Scraped caption text data

Content starts

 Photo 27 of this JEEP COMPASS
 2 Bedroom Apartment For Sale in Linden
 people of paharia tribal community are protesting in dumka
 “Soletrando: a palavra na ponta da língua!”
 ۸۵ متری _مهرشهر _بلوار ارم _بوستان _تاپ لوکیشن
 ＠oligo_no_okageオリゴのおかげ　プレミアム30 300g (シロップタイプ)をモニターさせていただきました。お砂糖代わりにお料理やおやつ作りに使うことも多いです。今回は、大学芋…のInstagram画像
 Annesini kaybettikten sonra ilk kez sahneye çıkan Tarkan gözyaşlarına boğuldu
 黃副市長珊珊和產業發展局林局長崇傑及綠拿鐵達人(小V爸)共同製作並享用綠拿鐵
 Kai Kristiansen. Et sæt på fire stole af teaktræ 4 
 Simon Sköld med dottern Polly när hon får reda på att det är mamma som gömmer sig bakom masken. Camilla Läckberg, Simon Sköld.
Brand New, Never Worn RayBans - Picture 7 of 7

Content ends

Write out every entry exactly as given.

 Photo 27 of this JEEP COMPASS
 2 Bedroom Apartment For Sale in Linden
 people of paharia tribal community are protesting in dumka
 “Soletrando: a palavra na ponta da língua!”
 ۸۵ متری _مهرشهر _بلوار ارم _بوستان _تاپ لوکیشن
 ＠oligo_no_okageオリゴのおかげ　プレミアム30 300g (シロップタイプ)をモニターさせていただきました。お砂糖代わりにお料理やおやつ作りに使うことも多いです。今回は、大学芋…のInstagram画像
 Annesini kaybettikten sonra ilk kez sahneye çıkan Tarkan gözyaşlarına boğuldu
 黃副市長珊珊和產業發展局林局長崇傑及綠拿鐵達人(小V爸)共同製作並享用綠拿鐵
 Kai Kristiansen. Et sæt på fire stole af teaktræ 4 
 Simon Sköld med dottern Polly när hon får reda på att det är mamma som gömmer sig bakom masken. Camilla Läckberg, Simon Sköld.
Brand New, Never Worn RayBans - Picture 7 of 7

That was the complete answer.